Dans l’affaire C‑788/18,

ayant pour objet une demande de décision préjudicielle au titre de l’article 267 TFUE, introduite par la Commissione tributaria provinciale di Parma (commission fiscale provinciale de Parme, Italie), par décision du 15 octobre 2018, parvenue à la Cour le 14 décembre 2018, dans la procédure

Stanleyparma Sas di Cantarelli Pietro & C.,

Stanleybet Malta Ltd

contre

Agenzia delle Dogane e dei Monopoli UM Emilia Romagna – SOT Parma,

LA COUR (première chambre),

composée de M. J.‑C. Bonichot, président de chambre, MM. M. Safjan, L. Bay Larsen, Mme C. Toader (rapporteure) et M. N. Jääskinen, juges,

avocat général : M. E. Tanchev,

greffier : M. A. Calot Escobar,

vu la procédure écrite,

considérant les observations présentées :

–        pour Stanleyparma Sas di Cantarelli Pietro & C., par Mes D. Agnello, V. Varzi et M. Mura, avvocati,

–        pour Stanleybet Malta Ltd, par Mes R. A. Jacchia, F. Ferraro, A. Terranova et D. Agnello, avvocati,

–        pour le gouvernement italien, par Mme G. Palmieri, en qualité d’agent, assistée de MM. P. G. Marrone et S. Fiorentino, avvocati dello Stato,

–        pour le gouvernement belge, par Mmes L. Van den Broeck et M. Jacobs, en qualité d’agents, assistées de Mes P. Vlaemminck et R. Verbeke, advocaten,

–        pour le gouvernement tchèque, par MM. M. Smolek, O. Serdula et J. Vláčil, en qualité d’agents,

–        pour la Commission européenne, par M. P. Rossi et Mme N. Gossement, en qualité d’agents,

vu la décision prise, l’avocat général entendu, de juger l’affaire sans conclusions,

rend le présent

Arrêt

1        La demande de décision préjudicielle porte sur l’interprétation des articles 52, 56 et 57 TFUE ainsi que des principes de non-discrimination en matière fiscale et d’égalité de traitement.

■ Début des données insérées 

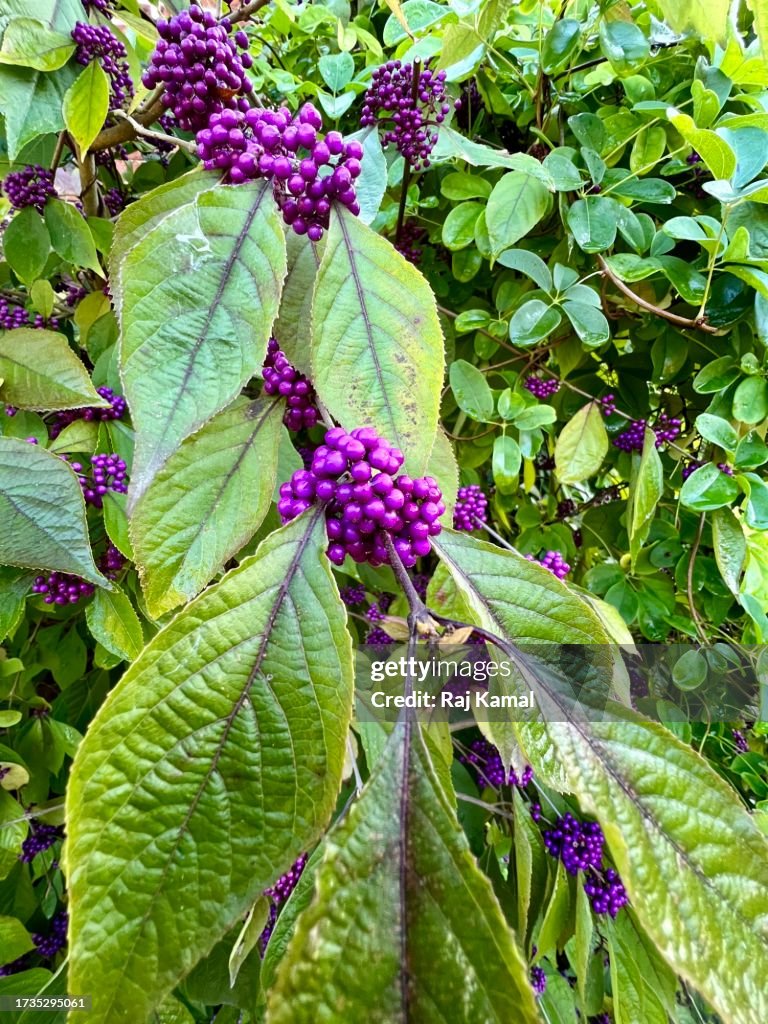 American Beautyberry (French Mulberry)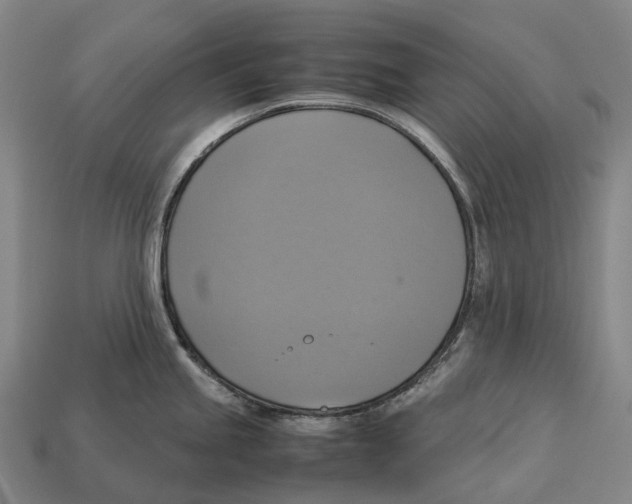 X0000113111245200909251045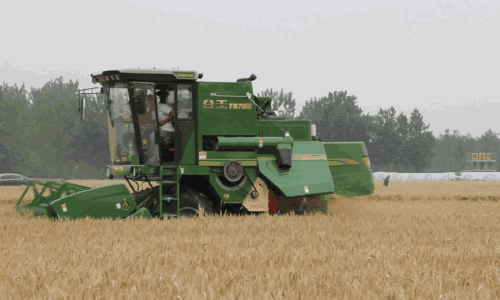0 (4).gif 0 (4).gif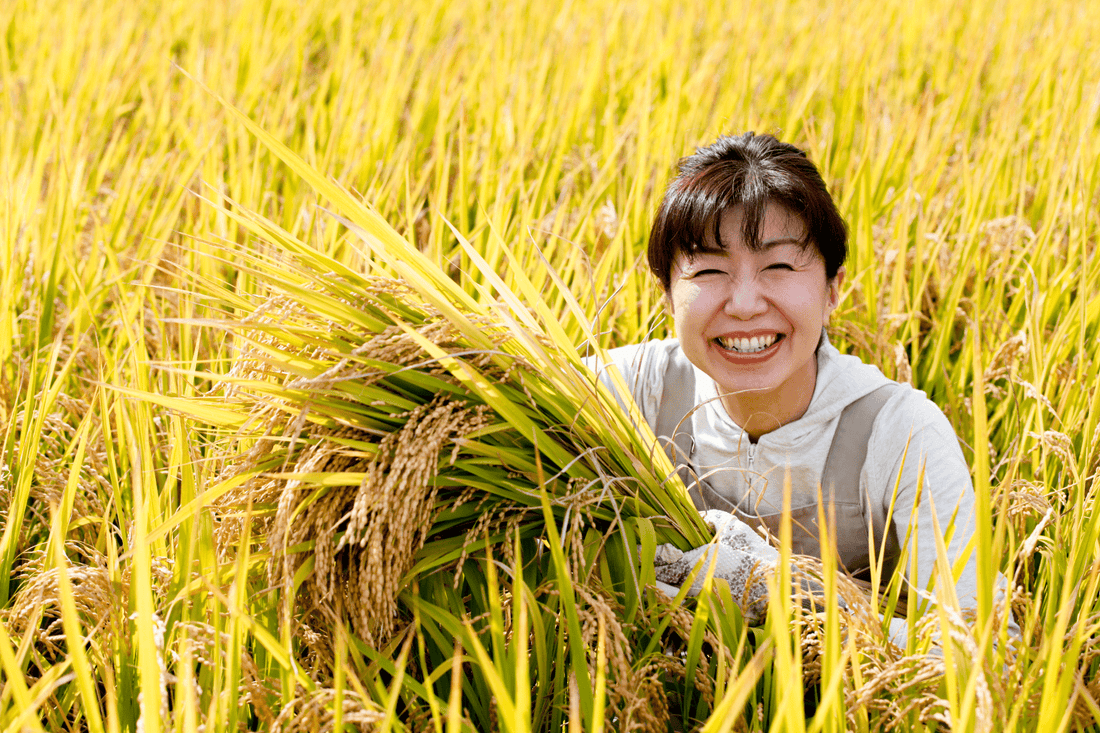 Cultivando Arroz en Japón: Un Legado Milenario - Ala Japonesa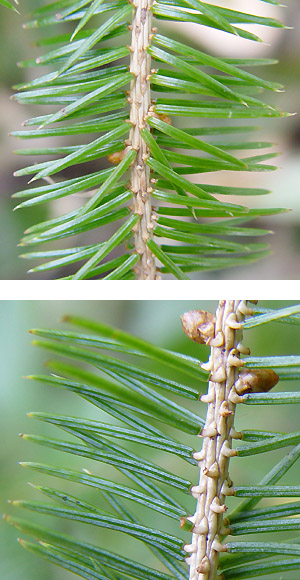 G]}c̗t:Picea jezoensis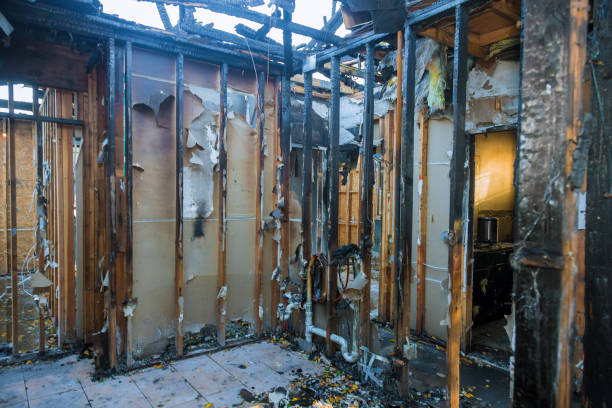 Professional Soot Cleanup technician working in Springfield, IL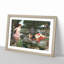 Echo and Narcissus by John William Waterhouse - Framed Print-62751789-62751792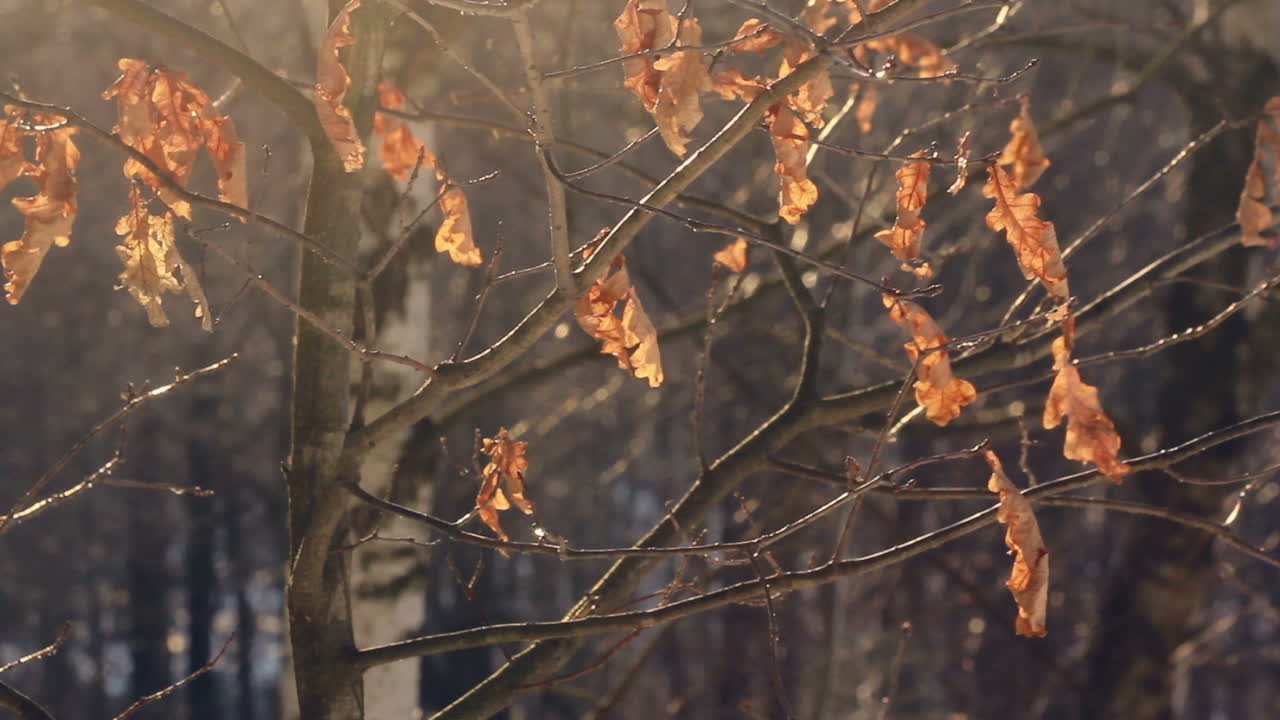 가을의 숲에서 나무에 건조한 잎. 나무에 몇 개의 잎. 가을 오크 나무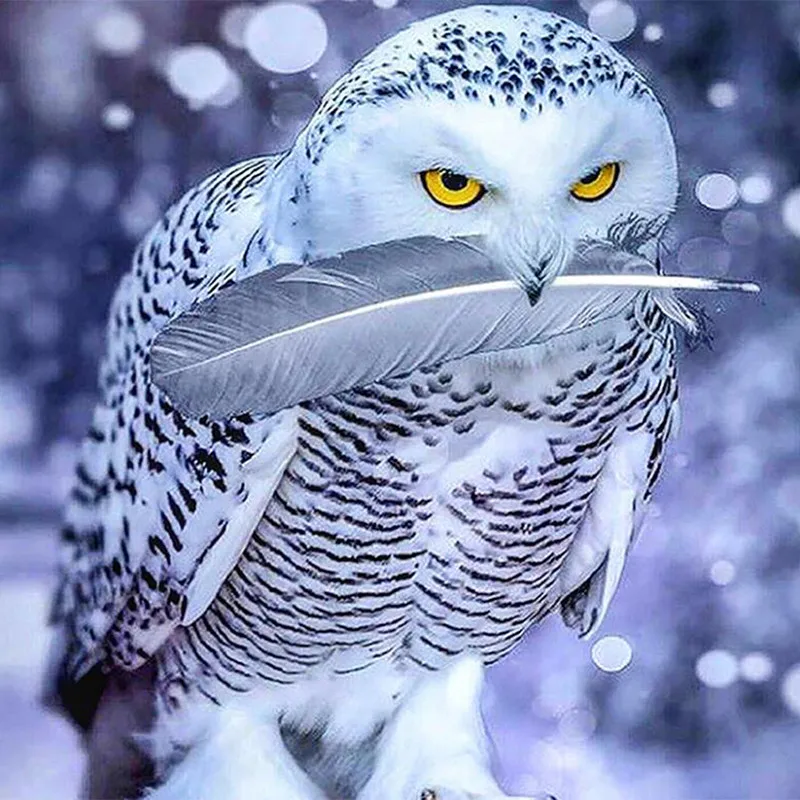 Алмазная картина Сова пейзаж вышивка крестиком пернатая DIY декоративные картины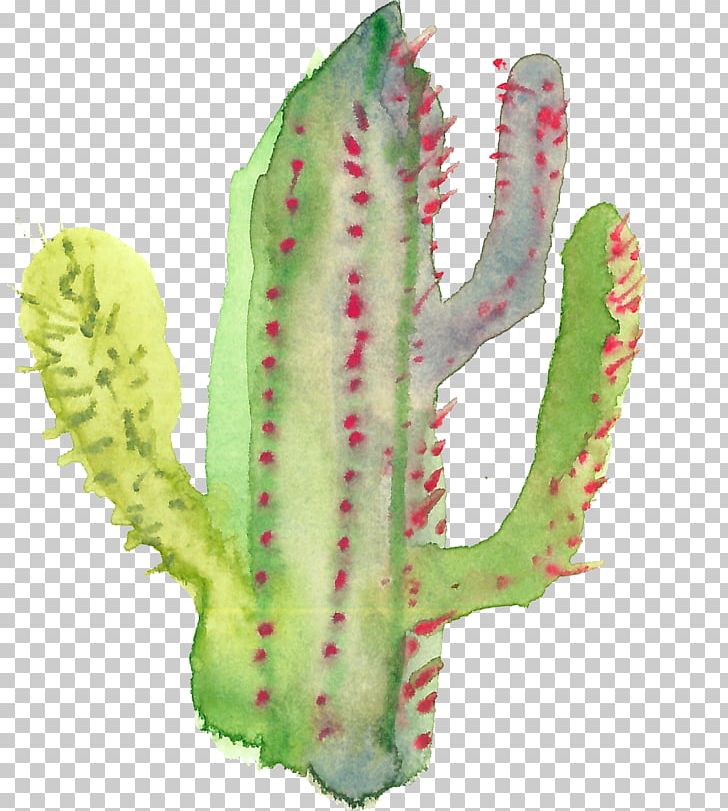 Cactaceae Succulent Plant PNG, Clipart, Auglis, Cactaceae, Cactus, Cactus Cartoon, Cactus Flower Free PNG Download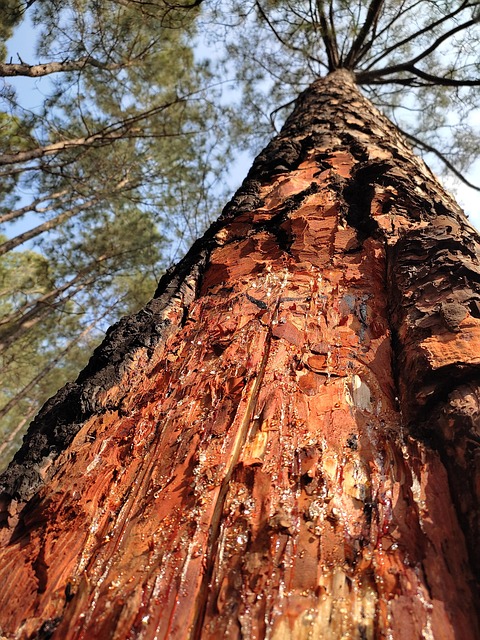Natur, Baum, Wald, Bäume, Holz, Herbst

2        Cette demande a été présentée dans le cadre d’un litige opposant Stanleyparma Sas di Cantarelli Pietro & C. et Stanleybet Malta Ltd à l’Agenzia delle Dogane e dei Monopoli UM Emilia Romagna – SOT Parma (Agence des douanes et des monopoles, bureau des monopoles, Émilie Romagne, siège opérationnel de Parme, Italie) (ci-après l’« ADM »), au sujet de la légalité de la décision de cette dernière relative à l’obligation de payer, en Italie, un impôt unique sur les paris (ci-après l’« impôt unique ») incombant, à titre principal, aux Centri Trasmissione Dati (centres de transmission des données, ci-après les « CTD »), tels que Stanleyparma, ainsi que, à titre subsidiaire, à Stanleybet Malta, en qualité de coobligé solidaire.

 Le cadre juridique

3        Conformément à l’article 1er du decreto legislativo n. 504 – Riordino dell’imposta unica sui concorsi pronostici e sulle scommesse, a norma dell’articolo 1, comma 2, della legge 3 agosto 1998, n. 288 (décret législatif no 504 – Réaménagement de l’impôt unique sur les concours de pronostics et sur les paris, conformément à l’article 1er, paragraphe 2, de la loi du 3 août 1998, no 288), du 23 décembre 1998 (GURI no 27, du 3 février 1999, ci-après le « décret législatif no 504/1998 »), l’impôt unique est dû sur les concours de pronostics et les paris de tous types, relatifs à quelque évènement que ce soit, y compris s’ils se déroulent à l’étranger.

4        L’article 3 de ce décret législatif, intitulé « Redevables », est libellé comme suit :

« Les redevables de l’impôt unique sont ceux qui gèrent, y compris dans le cadre de concessions, les concours de pronostics et les paris. »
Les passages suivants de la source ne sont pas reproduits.